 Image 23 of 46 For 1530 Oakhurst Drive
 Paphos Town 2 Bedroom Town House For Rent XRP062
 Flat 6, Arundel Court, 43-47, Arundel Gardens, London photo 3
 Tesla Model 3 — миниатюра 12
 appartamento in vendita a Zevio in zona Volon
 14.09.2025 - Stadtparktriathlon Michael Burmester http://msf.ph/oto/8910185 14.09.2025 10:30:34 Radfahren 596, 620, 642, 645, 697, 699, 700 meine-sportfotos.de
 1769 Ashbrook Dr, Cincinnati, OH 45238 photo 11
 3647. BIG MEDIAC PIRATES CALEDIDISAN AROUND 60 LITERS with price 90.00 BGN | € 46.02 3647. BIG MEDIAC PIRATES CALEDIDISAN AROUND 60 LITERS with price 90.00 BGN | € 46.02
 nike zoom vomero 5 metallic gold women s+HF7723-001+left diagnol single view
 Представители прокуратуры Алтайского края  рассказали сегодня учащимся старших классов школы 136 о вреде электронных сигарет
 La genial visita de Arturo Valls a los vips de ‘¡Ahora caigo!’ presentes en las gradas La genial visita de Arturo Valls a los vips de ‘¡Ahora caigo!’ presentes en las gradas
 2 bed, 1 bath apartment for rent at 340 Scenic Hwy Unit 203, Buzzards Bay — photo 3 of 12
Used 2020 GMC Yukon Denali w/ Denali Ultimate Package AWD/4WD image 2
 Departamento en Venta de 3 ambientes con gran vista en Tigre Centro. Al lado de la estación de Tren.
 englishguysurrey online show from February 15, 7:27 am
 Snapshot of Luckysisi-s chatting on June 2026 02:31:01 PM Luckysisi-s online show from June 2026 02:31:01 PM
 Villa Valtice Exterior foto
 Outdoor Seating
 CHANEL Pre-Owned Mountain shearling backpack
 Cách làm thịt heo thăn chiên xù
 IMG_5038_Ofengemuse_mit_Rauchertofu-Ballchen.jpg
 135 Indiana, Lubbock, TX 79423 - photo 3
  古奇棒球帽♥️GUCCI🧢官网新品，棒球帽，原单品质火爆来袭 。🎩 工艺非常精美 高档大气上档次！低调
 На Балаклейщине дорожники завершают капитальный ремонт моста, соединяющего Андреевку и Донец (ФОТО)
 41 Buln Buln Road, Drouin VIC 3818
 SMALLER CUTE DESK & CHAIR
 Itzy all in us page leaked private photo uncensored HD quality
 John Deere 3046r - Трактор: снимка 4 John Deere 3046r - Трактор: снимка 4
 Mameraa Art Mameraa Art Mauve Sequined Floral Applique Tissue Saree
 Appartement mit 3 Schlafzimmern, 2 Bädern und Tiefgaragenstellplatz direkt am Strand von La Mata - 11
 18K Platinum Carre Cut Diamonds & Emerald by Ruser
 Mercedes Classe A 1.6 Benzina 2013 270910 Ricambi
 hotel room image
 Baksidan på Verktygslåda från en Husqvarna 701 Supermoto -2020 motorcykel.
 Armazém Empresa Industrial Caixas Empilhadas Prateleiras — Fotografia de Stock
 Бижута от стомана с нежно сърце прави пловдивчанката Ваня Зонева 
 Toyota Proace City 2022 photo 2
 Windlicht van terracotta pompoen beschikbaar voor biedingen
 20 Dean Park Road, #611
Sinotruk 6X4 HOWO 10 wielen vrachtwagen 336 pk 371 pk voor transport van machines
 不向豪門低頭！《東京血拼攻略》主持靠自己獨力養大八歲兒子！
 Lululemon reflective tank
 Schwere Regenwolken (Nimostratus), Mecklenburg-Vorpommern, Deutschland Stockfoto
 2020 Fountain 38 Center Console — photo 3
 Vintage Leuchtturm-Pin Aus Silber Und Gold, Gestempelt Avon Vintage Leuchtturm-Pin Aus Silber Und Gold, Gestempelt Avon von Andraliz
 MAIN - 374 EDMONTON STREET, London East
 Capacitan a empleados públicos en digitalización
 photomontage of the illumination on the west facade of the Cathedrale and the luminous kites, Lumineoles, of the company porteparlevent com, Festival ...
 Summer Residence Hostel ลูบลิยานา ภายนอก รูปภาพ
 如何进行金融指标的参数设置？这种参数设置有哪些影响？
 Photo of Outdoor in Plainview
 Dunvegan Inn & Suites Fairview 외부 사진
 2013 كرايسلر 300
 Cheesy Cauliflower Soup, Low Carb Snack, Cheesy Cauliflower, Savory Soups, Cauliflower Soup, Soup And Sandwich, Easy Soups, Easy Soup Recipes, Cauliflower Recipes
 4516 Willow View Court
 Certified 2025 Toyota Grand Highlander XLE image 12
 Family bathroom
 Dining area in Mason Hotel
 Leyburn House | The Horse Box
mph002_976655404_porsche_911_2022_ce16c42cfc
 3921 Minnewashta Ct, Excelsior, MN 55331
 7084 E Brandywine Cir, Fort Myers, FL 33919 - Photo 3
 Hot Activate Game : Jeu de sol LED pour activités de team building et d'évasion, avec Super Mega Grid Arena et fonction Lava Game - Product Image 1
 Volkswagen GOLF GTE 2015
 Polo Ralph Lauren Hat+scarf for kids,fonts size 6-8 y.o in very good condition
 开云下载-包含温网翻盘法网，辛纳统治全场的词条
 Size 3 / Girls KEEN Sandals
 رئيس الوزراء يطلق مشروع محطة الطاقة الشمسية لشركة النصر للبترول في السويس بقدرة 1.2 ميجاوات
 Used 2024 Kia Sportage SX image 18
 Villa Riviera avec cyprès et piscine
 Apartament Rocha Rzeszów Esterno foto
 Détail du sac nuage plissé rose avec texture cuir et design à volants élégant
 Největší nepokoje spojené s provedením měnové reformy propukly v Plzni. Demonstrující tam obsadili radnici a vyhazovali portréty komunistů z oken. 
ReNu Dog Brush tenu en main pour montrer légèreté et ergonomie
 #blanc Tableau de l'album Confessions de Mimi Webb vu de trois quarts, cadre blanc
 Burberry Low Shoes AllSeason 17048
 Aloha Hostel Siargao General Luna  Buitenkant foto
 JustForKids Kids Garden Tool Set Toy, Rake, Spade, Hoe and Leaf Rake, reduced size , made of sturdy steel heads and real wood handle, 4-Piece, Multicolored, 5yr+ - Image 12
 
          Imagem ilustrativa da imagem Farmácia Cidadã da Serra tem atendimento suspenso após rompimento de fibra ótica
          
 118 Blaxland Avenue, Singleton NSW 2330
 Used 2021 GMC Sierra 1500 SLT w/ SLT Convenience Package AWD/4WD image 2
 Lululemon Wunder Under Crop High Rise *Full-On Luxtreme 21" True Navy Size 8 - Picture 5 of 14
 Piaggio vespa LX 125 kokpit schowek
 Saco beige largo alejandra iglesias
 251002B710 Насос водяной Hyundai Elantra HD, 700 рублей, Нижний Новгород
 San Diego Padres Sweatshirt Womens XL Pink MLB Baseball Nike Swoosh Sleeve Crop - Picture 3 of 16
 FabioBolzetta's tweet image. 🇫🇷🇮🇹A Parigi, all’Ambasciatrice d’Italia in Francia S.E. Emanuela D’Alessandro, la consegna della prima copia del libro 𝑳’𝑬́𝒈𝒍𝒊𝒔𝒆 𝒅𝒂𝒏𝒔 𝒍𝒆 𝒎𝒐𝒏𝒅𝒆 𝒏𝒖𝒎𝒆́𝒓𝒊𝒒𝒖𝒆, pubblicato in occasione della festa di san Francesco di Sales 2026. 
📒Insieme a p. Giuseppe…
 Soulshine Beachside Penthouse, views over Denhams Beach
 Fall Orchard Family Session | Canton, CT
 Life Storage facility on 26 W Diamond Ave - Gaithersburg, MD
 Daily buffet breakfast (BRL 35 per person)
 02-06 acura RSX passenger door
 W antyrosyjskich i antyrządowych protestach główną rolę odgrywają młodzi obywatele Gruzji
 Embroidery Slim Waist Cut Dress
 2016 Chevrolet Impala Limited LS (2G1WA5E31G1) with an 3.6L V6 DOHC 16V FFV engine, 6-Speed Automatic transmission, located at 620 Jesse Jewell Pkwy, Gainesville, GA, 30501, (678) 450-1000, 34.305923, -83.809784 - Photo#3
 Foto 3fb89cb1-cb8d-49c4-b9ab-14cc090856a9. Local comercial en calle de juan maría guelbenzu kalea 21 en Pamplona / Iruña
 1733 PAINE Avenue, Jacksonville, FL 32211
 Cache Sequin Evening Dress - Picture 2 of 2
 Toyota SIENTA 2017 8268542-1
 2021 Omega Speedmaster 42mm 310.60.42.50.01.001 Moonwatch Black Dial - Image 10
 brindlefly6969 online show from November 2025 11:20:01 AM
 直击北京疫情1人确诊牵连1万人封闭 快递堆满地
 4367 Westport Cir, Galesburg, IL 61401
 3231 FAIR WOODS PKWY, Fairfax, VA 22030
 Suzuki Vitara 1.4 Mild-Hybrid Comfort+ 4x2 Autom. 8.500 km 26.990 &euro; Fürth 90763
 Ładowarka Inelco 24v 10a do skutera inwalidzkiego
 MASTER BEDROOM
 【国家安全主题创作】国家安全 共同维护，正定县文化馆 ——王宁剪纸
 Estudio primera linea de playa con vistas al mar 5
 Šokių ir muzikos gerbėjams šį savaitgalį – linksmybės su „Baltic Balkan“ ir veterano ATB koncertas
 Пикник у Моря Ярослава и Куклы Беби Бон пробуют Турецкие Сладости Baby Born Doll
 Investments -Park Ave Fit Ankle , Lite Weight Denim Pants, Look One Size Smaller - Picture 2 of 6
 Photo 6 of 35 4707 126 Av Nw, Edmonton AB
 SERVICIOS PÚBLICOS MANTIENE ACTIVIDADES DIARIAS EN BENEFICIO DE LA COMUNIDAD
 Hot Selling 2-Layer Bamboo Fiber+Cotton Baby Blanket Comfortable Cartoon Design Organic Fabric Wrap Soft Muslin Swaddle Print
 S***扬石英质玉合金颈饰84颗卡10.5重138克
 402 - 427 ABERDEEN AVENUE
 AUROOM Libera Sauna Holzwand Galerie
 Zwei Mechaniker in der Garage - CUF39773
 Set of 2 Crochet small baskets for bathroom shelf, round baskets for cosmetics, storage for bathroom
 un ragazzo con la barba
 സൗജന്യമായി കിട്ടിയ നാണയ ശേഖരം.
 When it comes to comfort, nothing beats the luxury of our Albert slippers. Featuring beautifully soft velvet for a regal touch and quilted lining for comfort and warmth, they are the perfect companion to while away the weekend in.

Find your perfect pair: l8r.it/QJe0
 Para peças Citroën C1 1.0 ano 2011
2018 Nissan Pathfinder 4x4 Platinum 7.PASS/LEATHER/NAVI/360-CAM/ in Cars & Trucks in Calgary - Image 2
______
EXERCISE AIM:
If a line comes after the one that contains "14.09.2025 - Stadtparktriathlon", leave it out; return every line of the entries up to that point exactly, starting with the first, with that line included.

EXERCISE SOLUTION:
 Image 23 of 46 For 1530 Oakhurst Drive
 Paphos Town 2 Bedroom Town House For Rent XRP062
 Flat 6, Arundel Court, 43-47, Arundel Gardens, London photo 3
 Tesla Model 3 — миниатюра 12
 appartamento in vendita a Zevio in zona Volon
 14.09.2025 - Stadtparktriathlon Michael Burmester http://msf.ph/oto/8910185 14.09.2025 10:30:34 Radfahren 596, 620, 642, 645, 697, 699, 700 meine-sportfotos.de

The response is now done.